> **About this exercise**
Would you write out all of the records that follow, exactly as they stand?

(Saved data entries)
+++++

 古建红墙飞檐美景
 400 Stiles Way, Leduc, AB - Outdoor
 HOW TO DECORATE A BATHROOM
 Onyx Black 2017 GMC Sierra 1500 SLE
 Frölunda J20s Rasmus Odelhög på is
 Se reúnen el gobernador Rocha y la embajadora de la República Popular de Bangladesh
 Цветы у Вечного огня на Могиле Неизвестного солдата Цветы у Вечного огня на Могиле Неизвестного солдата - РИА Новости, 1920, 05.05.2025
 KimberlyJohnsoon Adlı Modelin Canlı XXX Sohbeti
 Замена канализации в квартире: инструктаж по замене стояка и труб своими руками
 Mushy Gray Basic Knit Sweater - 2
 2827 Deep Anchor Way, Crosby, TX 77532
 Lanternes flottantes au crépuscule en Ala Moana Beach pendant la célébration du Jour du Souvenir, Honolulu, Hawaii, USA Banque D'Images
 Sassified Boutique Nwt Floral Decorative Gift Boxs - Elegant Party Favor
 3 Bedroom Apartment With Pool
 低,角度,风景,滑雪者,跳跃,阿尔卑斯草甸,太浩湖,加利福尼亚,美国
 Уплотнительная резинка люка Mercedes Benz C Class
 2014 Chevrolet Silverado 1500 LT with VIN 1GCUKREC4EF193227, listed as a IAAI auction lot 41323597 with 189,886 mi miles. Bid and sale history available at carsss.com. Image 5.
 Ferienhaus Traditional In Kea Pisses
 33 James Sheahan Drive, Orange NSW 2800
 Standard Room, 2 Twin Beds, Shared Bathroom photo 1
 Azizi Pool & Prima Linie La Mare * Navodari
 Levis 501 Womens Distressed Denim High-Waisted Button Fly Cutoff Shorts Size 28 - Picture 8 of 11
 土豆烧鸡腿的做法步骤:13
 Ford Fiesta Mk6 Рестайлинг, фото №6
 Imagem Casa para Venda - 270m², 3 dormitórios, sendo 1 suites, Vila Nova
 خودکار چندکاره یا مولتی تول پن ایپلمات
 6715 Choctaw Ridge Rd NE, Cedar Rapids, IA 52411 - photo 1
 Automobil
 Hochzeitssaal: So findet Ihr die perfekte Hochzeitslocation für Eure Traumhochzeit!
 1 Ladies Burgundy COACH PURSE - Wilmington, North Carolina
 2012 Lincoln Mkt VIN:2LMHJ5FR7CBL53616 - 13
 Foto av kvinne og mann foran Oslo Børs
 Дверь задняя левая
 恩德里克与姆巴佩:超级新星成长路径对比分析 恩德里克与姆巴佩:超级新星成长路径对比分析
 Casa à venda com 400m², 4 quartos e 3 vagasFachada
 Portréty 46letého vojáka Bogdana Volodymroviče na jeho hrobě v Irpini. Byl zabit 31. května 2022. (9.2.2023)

+++++

> **Written solution**
 古建红墙飞檐美景
 400 Stiles Way, Leduc, AB - Outdoor
 HOW TO DECORATE A BATHROOM
 Onyx Black 2017 GMC Sierra 1500 SLE
 Frölunda J20s Rasmus Odelhög på is
 Se reúnen el gobernador Rocha y la embajadora de la República Popular de Bangladesh
 Цветы у Вечного огня на Могиле Неизвестного солдата Цветы у Вечного огня на Могиле Неизвестного солдата - РИА Новости, 1920, 05.05.2025
 KimberlyJohnsoon Adlı Modelin Canlı XXX Sohbeti
 Замена канализации в квартире: инструктаж по замене стояка и труб своими руками
 Mushy Gray Basic Knit Sweater - 2
 2827 Deep Anchor Way, Crosby, TX 77532
 Lanternes flottantes au crépuscule en Ala Moana Beach pendant la célébration du Jour du Souvenir, Honolulu, Hawaii, USA Banque D'Images
 Sassified Boutique Nwt Floral Decorative Gift Boxs - Elegant Party Favor
 3 Bedroom Apartment With Pool
 低,角度,风景,滑雪者,跳跃,阿尔卑斯草甸,太浩湖,加利福尼亚,美国
 Уплотнительная резинка люка Mercedes Benz C Class
 2014 Chevrolet Silverado 1500 LT with VIN 1GCUKREC4EF193227, listed as a IAAI auction lot 41323597 with 189,886 mi miles. Bid and sale history available at carsss.com. Image 5.
 Ferienhaus Traditional In Kea Pisses
 33 James Sheahan Drive, Orange NSW 2800
 Standard Room, 2 Twin Beds, Shared Bathroom photo 1
 Azizi Pool & Prima Linie La Mare * Navodari
 Levis 501 Womens Distressed Denim High-Waisted Button Fly Cutoff Shorts Size 28 - Picture 8 of 11
 土豆烧鸡腿的做法步骤:13
 Ford Fiesta Mk6 Рестайлинг, фото №6
 Imagem Casa para Venda - 270m², 3 dormitórios, sendo 1 suites, Vila Nova
 خودکار چندکاره یا مولتی تول پن ایپلمات
 6715 Choctaw Ridge Rd NE, Cedar Rapids, IA 52411 - photo 1
 Automobil
 Hochzeitssaal: So findet Ihr die perfekte Hochzeitslocation für Eure Traumhochzeit!
 1 Ladies Burgundy COACH PURSE - Wilmington, North Carolina
 2012 Lincoln Mkt VIN:2LMHJ5FR7CBL53616 - 13
 Foto av kvinne og mann foran Oslo Børs
 Дверь задняя левая
 恩德里克与姆巴佩:超级新星成长路径对比分析 恩德里克与姆巴佩:超级新星成长路径对比分析
 Casa à venda com 400m², 4 quartos e 3 vagasFachada
 Portréty 46letého vojáka Bogdana Volodymroviče na jeho hrobě v Irpini. Byl zabit 31. května 2022. (9.2.2023)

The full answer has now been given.